Consequently, the output circuit can be represented by a Thevenin
source that supports both a conjugate match and the maximum
power transfer theorem.
______________

If this statement about the tank circuit being ~ a linear source is valid,
does that mean that any load-reflected power that appears across the output
terminals of the tx stops at the tank circuit, and never sees the
non-linear, non-matching Z of the active PA?

Richard, my earlier treatise considers only tube-type PA's with pi-network output coupling circuits used in
the Amateur Service, such as the Kenwood TS-830S on which my measurements were made. It was not intended to
consider PA's used in the tv service. Sorry, I didn't make this distinction earlier.

And if so, would that also mean that such a tx would not be prone to
producing r-f intermodulation components when external signals are fed back
into the tx from co-sited r-f systems?

This issue is irrelevant, because the signals arriving from a co-sited system would not be coherent with the
local source signals, while load-reflected signals are coherent. The destructive and constructive interference
that occurs at the output of a correctly loaded and tuned PA requires coherence of the source and reflected
waves to achieve the total re-reflection of the reflected waves back into the direction toward the load.

Yet experience shows that this is not the case for ~closely spaced
interfering signals. The only mitigation for this for a PA with a tank
circuit is the rejection of that tank circuit to those off-freq, external
signals, and to the resulting IM products generated by mixing with the main
tx signal in the active (and non-linear) PA stage of that tx.

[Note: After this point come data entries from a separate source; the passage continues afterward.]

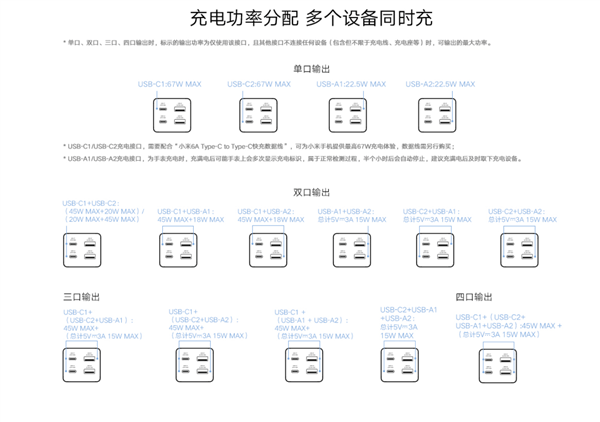 129元？小米快充插座发布：七合一，通吃华为苹果！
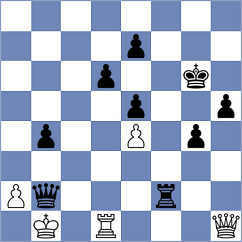 Zhang - Hubers (Eindhoven NED, 2025)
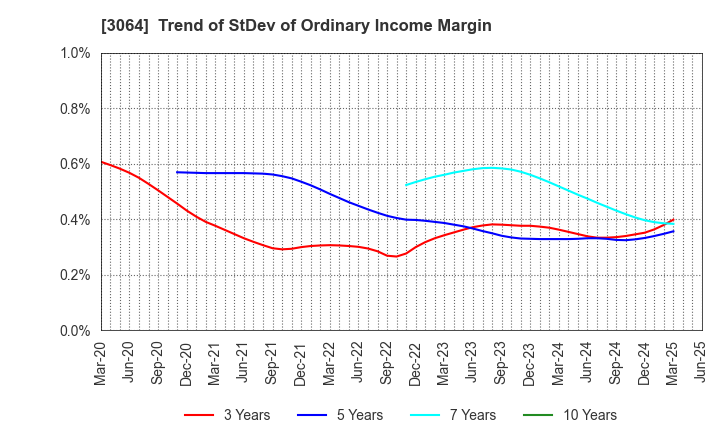 3064 MonotaRO Co., Ltd.: Trend of StDev of Ordinary Income Margin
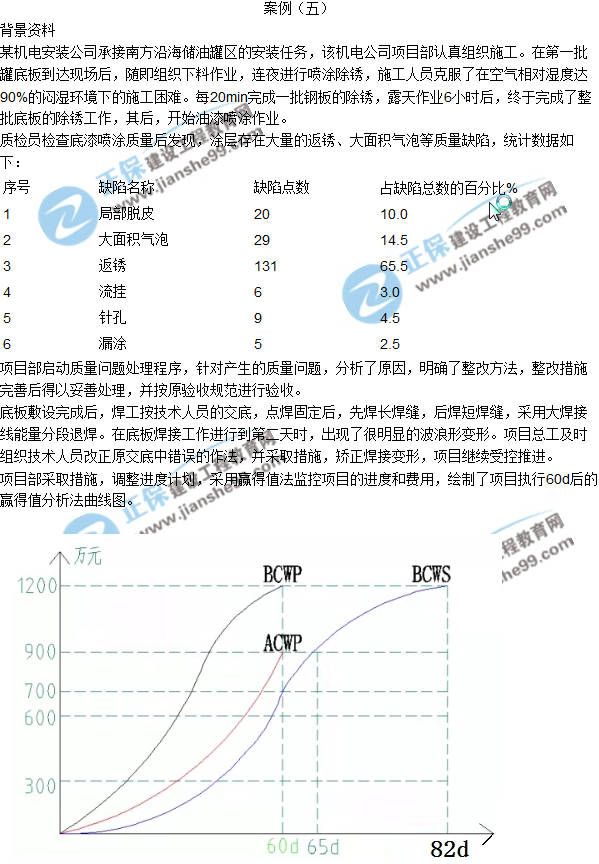 2017一级建造师《机电实务》试题及答案（案例五）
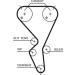 Zahnriemensatz inkl.Wapu | CITROEN C2,C3,C4,PEUGEOT 206,207 1,4 16V | KP15615XS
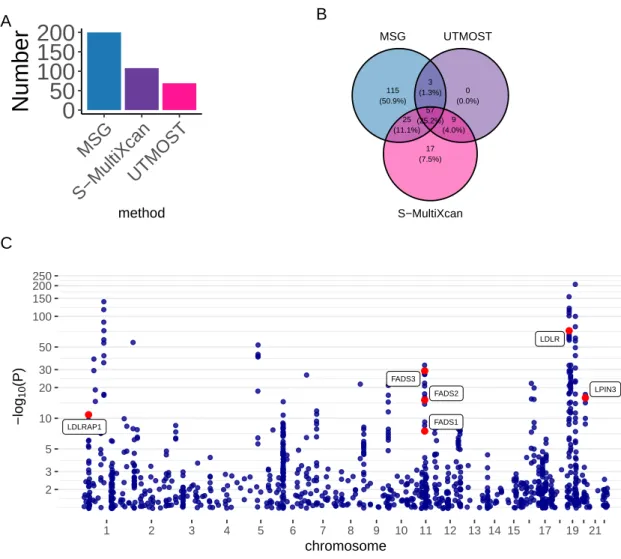 Figure 2.6: Comparison of the performance of the various methods on LDL-C in Teslovich et al, Nature (2010) GWAs summary statistics
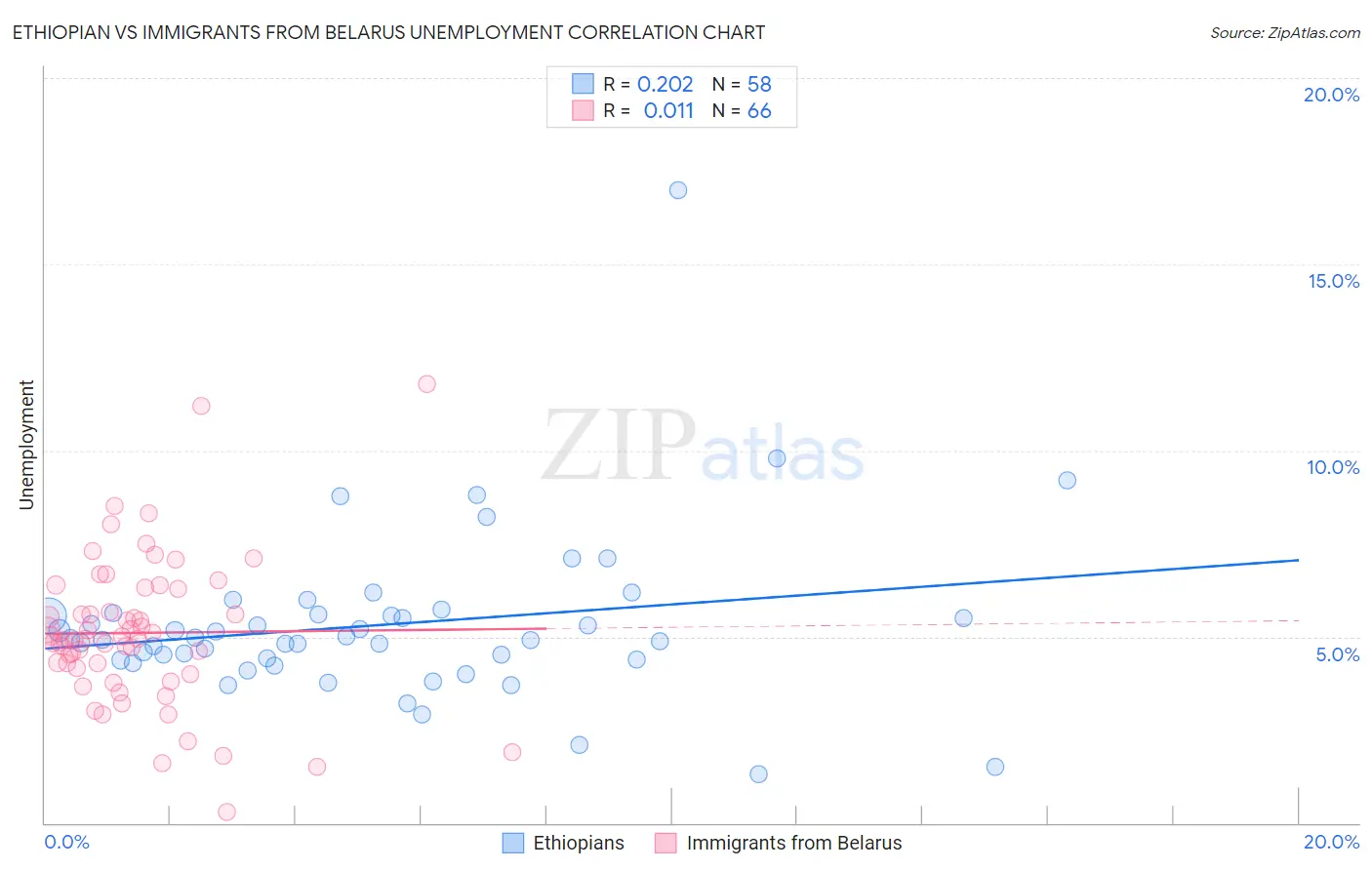 Ethiopian vs Immigrants from Belarus Unemployment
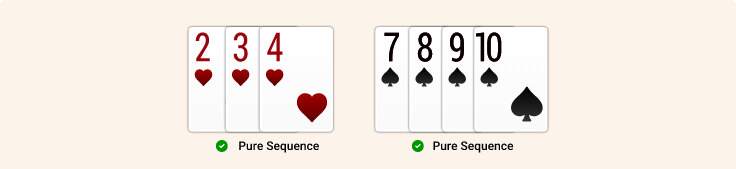 How To Play Rummy Online: Rummy Rules In 2024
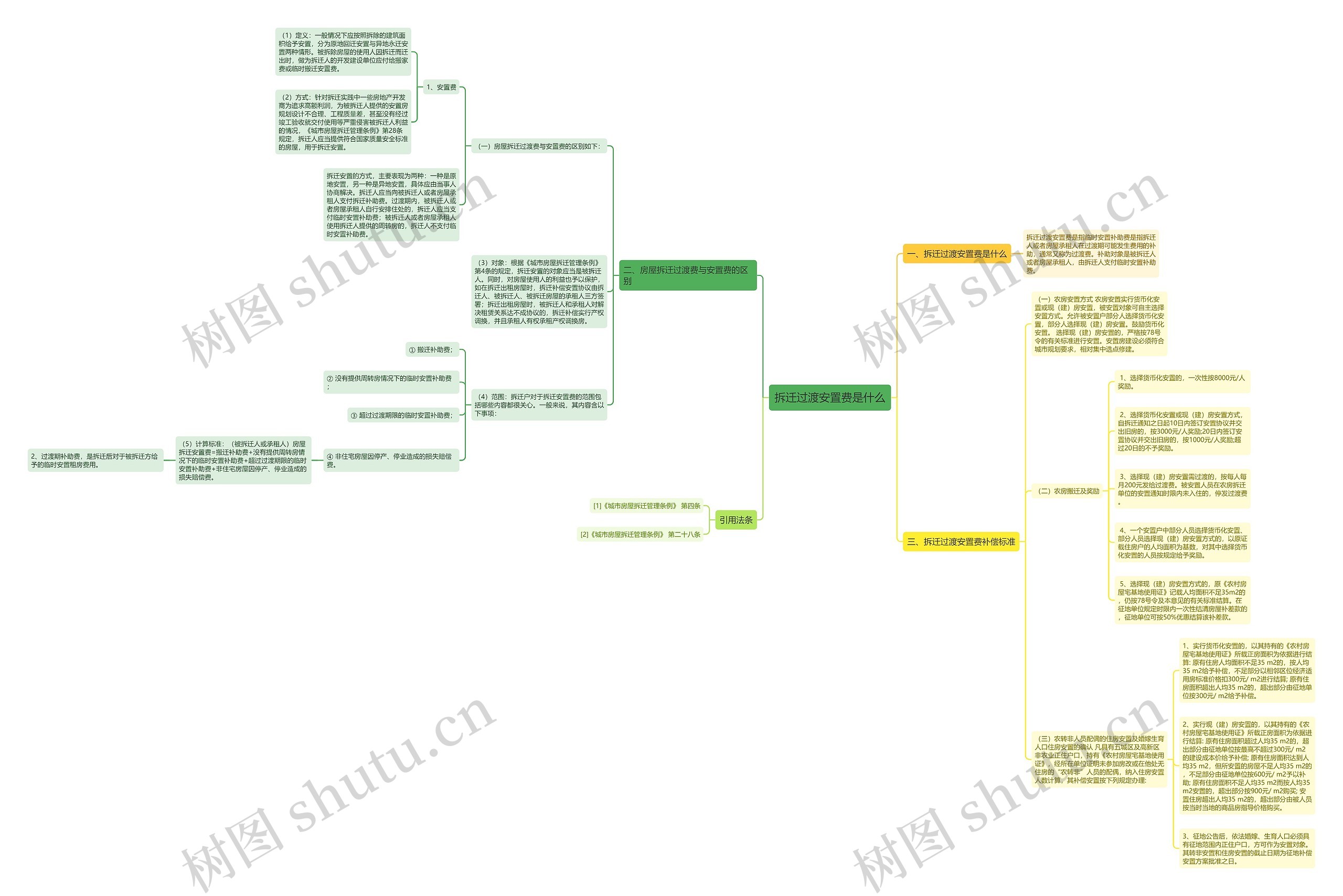 拆迁过渡安置费是什么思维导图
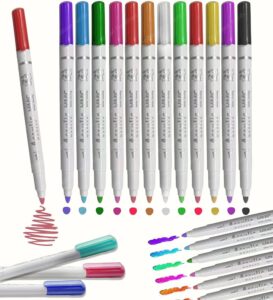 Manga markers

Again, Richard, this condition is irrelevant to the re-reflection of the waves reflected by the load, because
the relevant signals are not coherent.

And the tank has VERY low rejection to load reflections of the signal
bandwidth to which it is tuned.

This may be true for PAs with bandwidths wider than those occurring in ham tx. However, the destructive and
constructive interference between the reflected and source waves in a correctly loaded and tuned ham tx
results in total re-reflection of the reflected waves.

Also to be considered are the modern broadband (88-108MHz) FM broadcast
transmitters, which have no tank circuits, but except for some designs
incorporating balanced 3 dB hybrid combiners are affected by load
reflections about the same as a tx with a tuned tank circuit.

And still further, Richard, the FM transmitters you refer to above are not in the same category as those used
in tube rigs used by hams.

Incidentally, Richard, have you really reviewed the report of my TS-830S experiment?

Walt